======== GIVEN DATA
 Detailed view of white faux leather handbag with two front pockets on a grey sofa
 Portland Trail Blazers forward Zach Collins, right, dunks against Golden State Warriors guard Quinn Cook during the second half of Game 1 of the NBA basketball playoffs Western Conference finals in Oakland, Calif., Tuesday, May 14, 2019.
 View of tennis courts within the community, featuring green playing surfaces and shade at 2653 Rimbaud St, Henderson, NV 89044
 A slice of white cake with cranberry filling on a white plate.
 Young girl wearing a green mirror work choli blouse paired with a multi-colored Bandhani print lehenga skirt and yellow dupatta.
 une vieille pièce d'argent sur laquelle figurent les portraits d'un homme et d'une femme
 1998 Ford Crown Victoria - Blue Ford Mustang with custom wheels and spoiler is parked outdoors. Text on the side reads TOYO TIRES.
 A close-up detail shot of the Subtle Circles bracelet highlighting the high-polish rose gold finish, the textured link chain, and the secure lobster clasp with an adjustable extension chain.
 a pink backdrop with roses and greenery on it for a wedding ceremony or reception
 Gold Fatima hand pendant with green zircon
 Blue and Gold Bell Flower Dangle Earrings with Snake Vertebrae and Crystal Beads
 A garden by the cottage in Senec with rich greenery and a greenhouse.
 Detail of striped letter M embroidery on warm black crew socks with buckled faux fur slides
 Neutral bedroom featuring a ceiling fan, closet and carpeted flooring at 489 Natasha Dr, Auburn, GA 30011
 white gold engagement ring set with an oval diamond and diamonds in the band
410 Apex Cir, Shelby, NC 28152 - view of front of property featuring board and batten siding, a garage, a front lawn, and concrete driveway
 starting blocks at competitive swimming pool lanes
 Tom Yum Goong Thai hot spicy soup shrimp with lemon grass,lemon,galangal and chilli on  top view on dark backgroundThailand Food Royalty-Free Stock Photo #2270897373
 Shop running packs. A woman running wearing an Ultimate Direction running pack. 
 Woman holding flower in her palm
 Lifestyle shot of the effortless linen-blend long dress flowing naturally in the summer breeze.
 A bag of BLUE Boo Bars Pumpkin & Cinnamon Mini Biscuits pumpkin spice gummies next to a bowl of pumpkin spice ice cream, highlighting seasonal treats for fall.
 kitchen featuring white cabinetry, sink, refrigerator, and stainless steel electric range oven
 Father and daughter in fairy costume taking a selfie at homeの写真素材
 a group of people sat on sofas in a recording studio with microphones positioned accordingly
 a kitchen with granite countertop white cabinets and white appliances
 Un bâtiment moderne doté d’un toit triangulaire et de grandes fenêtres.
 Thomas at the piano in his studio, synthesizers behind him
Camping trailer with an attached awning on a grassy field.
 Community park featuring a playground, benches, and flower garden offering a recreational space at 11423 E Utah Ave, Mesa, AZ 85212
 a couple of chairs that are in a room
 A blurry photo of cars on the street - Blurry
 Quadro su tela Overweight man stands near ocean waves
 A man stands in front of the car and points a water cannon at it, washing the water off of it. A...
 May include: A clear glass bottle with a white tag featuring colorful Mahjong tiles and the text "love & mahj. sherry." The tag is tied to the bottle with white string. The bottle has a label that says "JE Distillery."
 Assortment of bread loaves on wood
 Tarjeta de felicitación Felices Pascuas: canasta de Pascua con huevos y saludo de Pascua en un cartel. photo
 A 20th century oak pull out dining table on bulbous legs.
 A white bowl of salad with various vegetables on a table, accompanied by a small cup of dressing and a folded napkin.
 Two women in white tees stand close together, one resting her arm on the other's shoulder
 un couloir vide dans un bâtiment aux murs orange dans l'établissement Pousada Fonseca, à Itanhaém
================
**DIRECTIONS FOR THIS TASK:**
Copy out each line of the listing where the string "wearing" appears.

**ANSWER FOR THE TASK:**
 Young girl wearing a green mirror work choli blouse paired with a multi-colored Bandhani print lehenga skirt and yellow dupatta.
 Shop running packs. A woman running wearing an Ultimate Direction running pack. 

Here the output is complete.